Appellants Nelson M. Blohm ("Blohm") and JoAnn M. Blohm 1 appeal a judgment from the United States Tax Court upholding an Internal Revenue Service ("IRS" or the "Commissioner") deficiency notice alleging that the appellants owed taxes on unreported income. We affirm.

I. FACTS

This tax deficiency case revolves around the nefarious business activities of Blohm and his business associates, Merlin C. Stickelber ("Stickelber") and Charles Ritchey ("Ritchey"). The facts are largely based upon the Tax Court's detailed findings.

Blohm was president and chief operating officer of Marion Corporation ("Marion"), a large oil exploration firm located in Mobile, Alabama. Stickelber was Marion's chairman of the board of directors and chief executive officer. Ritchey was vice-president of Marion's Oil and Gas Division. This case emanates from two business schemes whereby portions of certain monies used by Marion to purchase oil leases were "kicked back" to Blohm, Stickelber and Ritchey, who subsequently failed to report that income on their federal tax returns. The kickback schemes are discussed in turn.
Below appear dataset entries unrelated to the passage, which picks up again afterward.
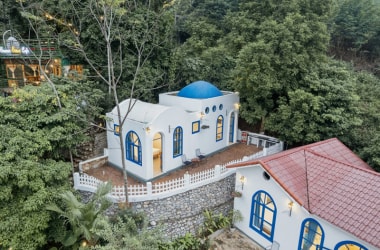 Santorini Villa – Mirabella Mountain Retreat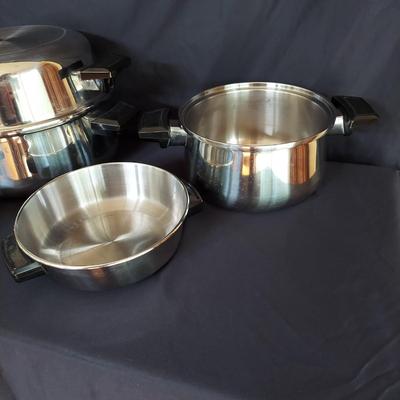 Royal Queen 5-Ply Multi Core Stainless Steel Cookware (K-BBL)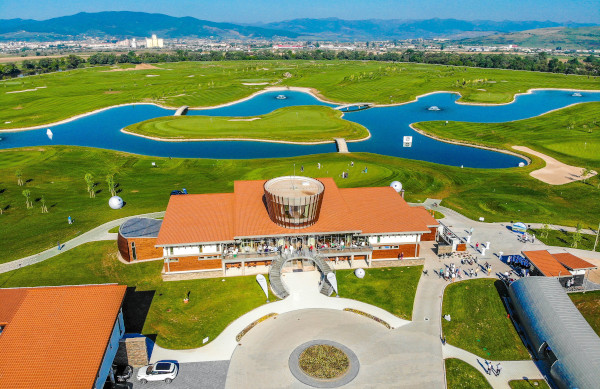Theodora Golf Club, cel mai mare resort de golf din România aniversează 5 ani de la inaugurare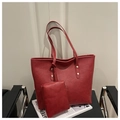 Detailaufnahme der roten Totebag mit Kieselleder-Textur und passender kleiner Reißverschlusstasche - Rot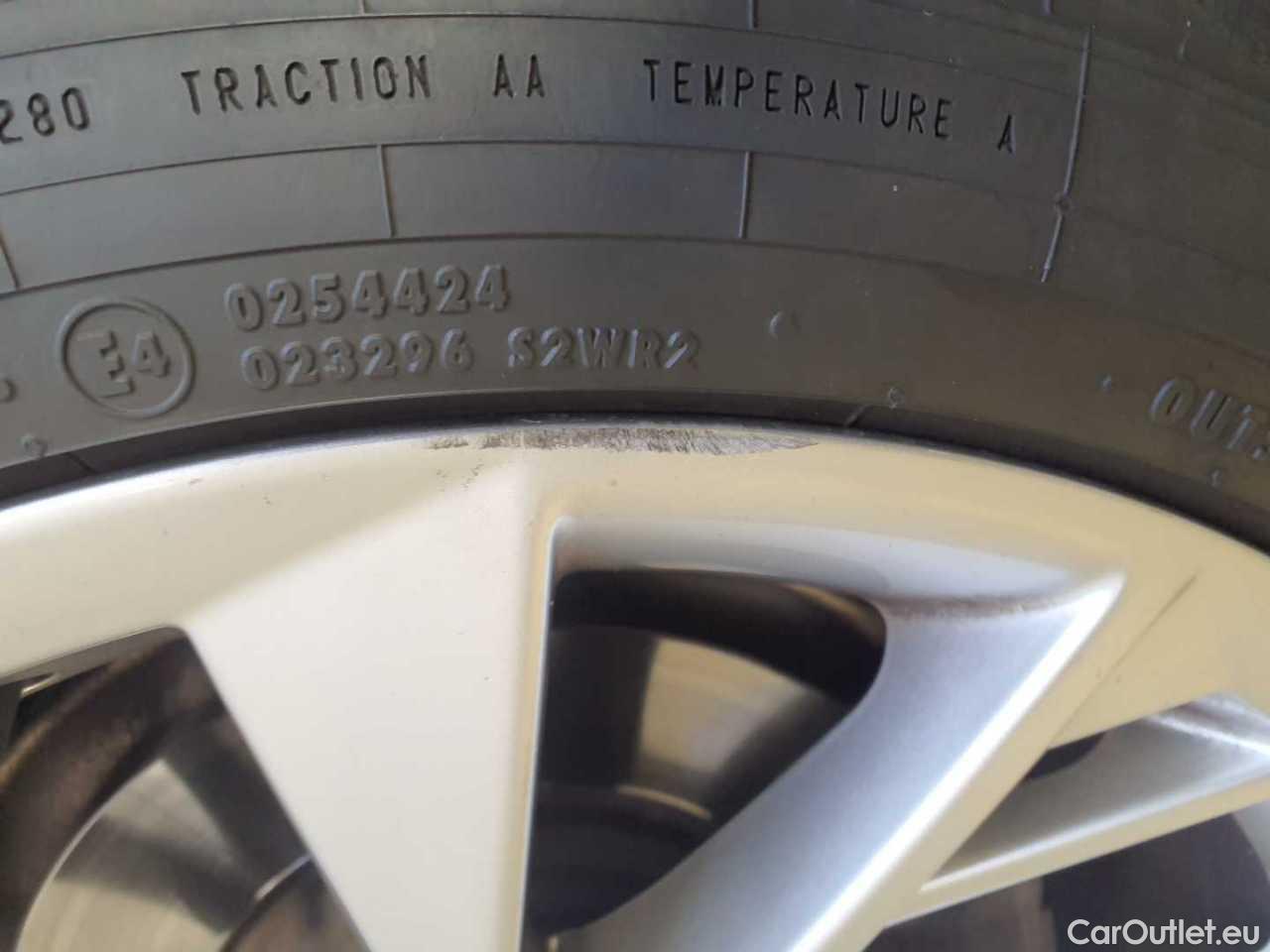 Audi  A5 Sportback 35 TFSI S tronic advanced Automatic Petrol/Electric  90 #24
A. The Cayman Islands Transaction

In 1981 several independent oil and gas operators and landsmen 2 from Texas (the "Texas Group") approached Ritchey and proposed that Marion buy a group of oil leases known as the Jourdanton Prospect. As part of the deal at least one-half of the purchase price was to be paid in the Cayman Islands through Marion Coal, Marion's Cayman Islands subsidiary. The Texas Group promised to "kick back" a portion of this money to representatives of Marion. Ritchey discussed the proposed scheme with Stickelber, who agreed to it. That same day, Stickelber alerted Blohm who also agreed to the proposal.
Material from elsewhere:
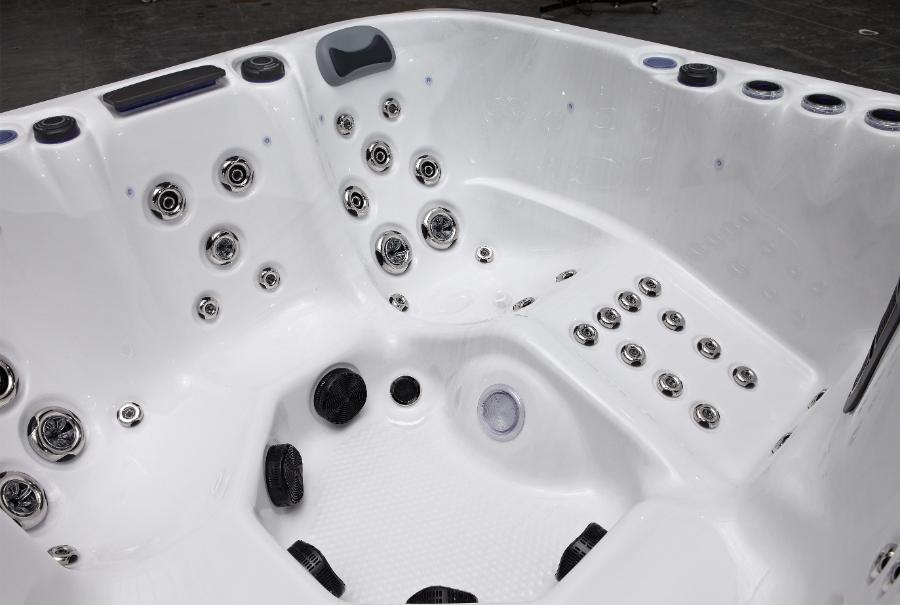 Platinum Spas 4-6 Person Hot Tub 32 Amp | Bluetooth Speakers, Ozone Water Care, 59 Jets, Lounger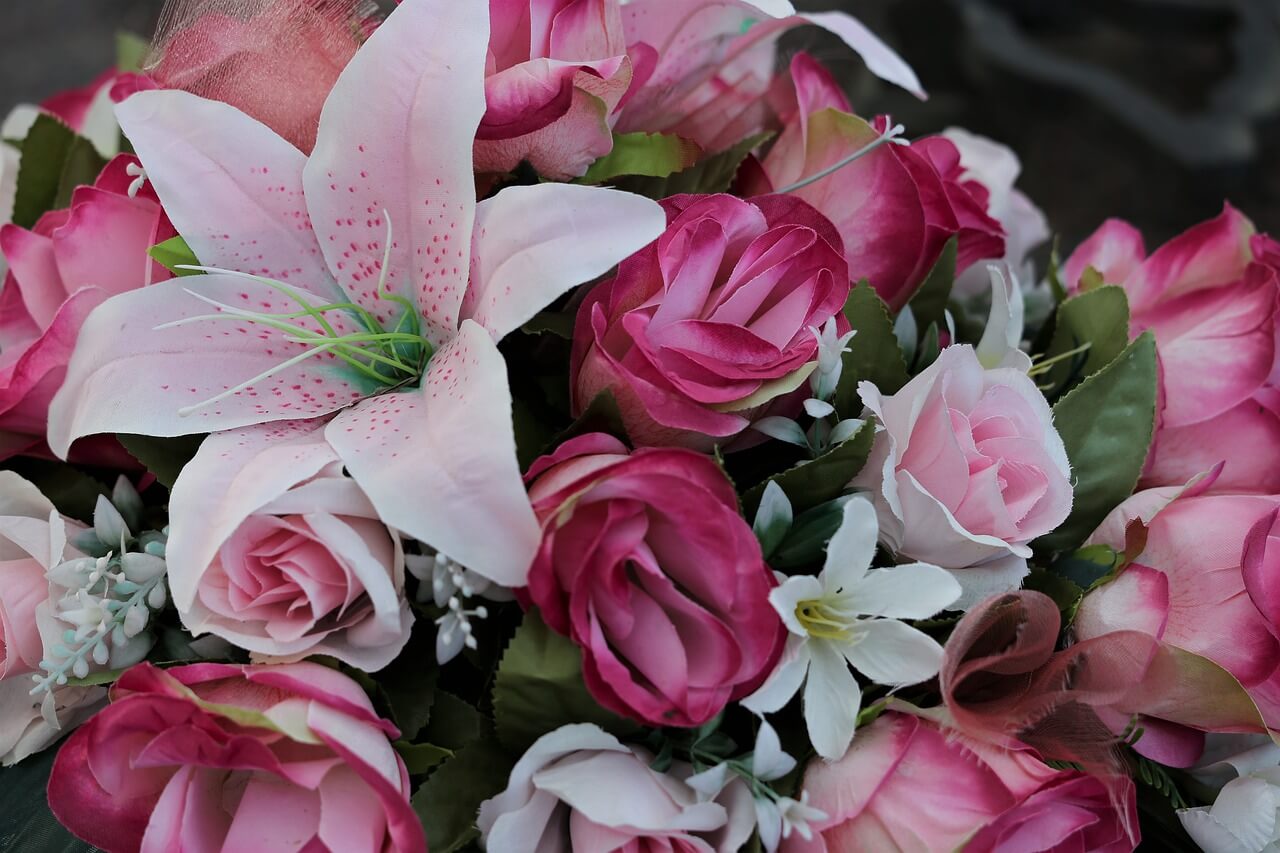 Here’s why flowers can be a great way to honour the deceased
The purchase price for the Jourdanton Prospect was $2,578,825. A member of the Texas Group executed a contract to sell one-half of his interest in the Jourdanton Prospect to Marion Coal for $1,289,412.50. 3 Marion Coal's president signed the contract of sale. Stickelber co-signed the check paying for the purchase. At the time of these events, Marion was a Fortune 500 company. Marion's purchase of the Jourdanton Prospect was the largest single purchase in its history.
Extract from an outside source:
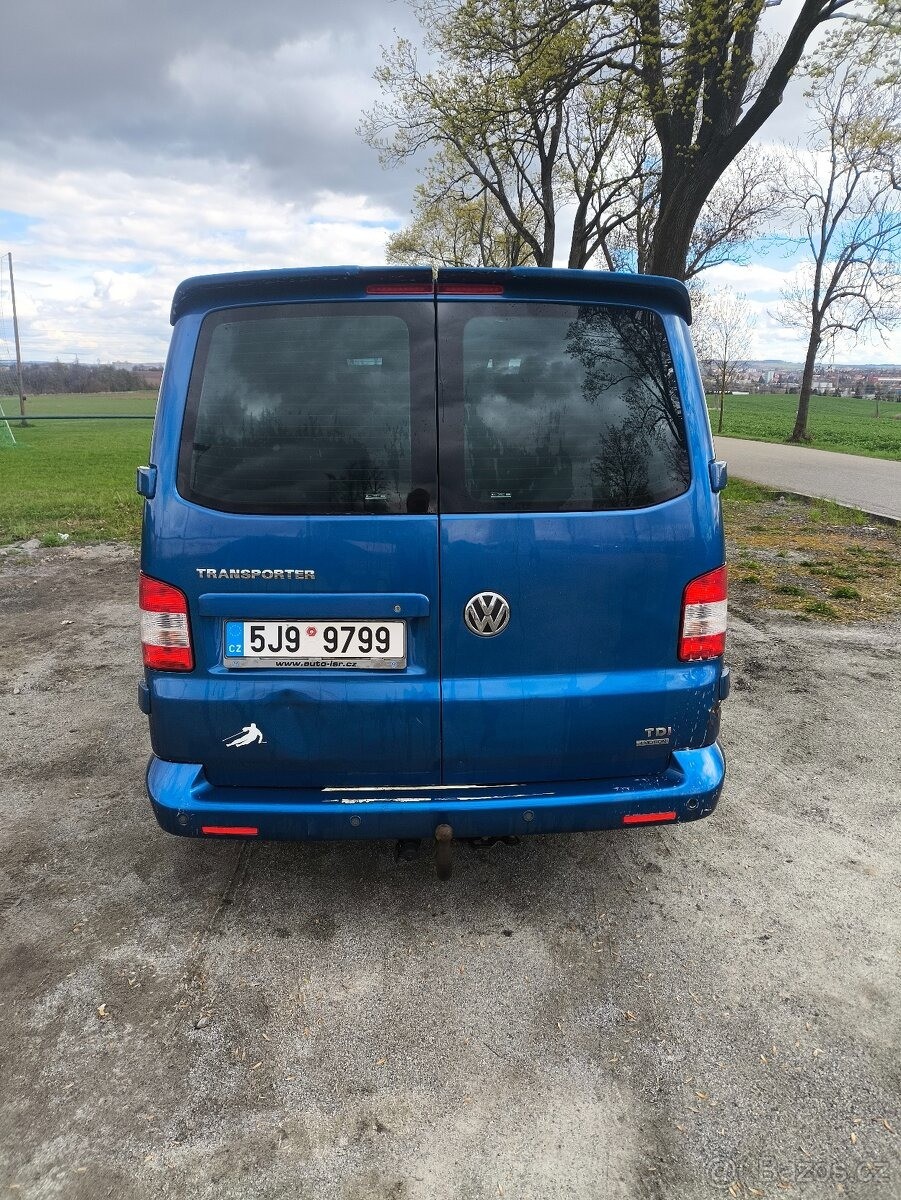 volkswagen-transporter-2-0-tdi-132kw-r-v-2011-dph - 4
On February 17, 1981, Stickelber, Ritchey and the Texas Group flew to the Cayman Islands. There they met with attorneys retained to set up several shell corporations to shield the kickback proceeds. Stickelber had arranged to have the $1,289,412.50 purchase price wire transferred to the Cayman Islands that day. The funds, however, did not arrive. Stickelber made several phone calls to ensure the money's arrival by the next day, February 18th. On the 18th, Stickelber, Ritchey and the Texas Group met again the attorneys who then established three shell corporations: San Pedro Finance Company ("San Pedro"), St. Lucy Investment Co., Ltd. ("St. Lucy") and Linfield Investment, Ltd. ("Linfield"). San Pedro was owned by the Texas Group, Stickelber, Ritchey and Blohm. St. Lucy was owned one-third each by Stickelber, Ritchey and Blohm. Linfield was owned by the Texas Group. Stock certificates were issued for each owner, including Blohm who held one share of San Pedro class "B" stock and one ordinary share of St. Lucy stock.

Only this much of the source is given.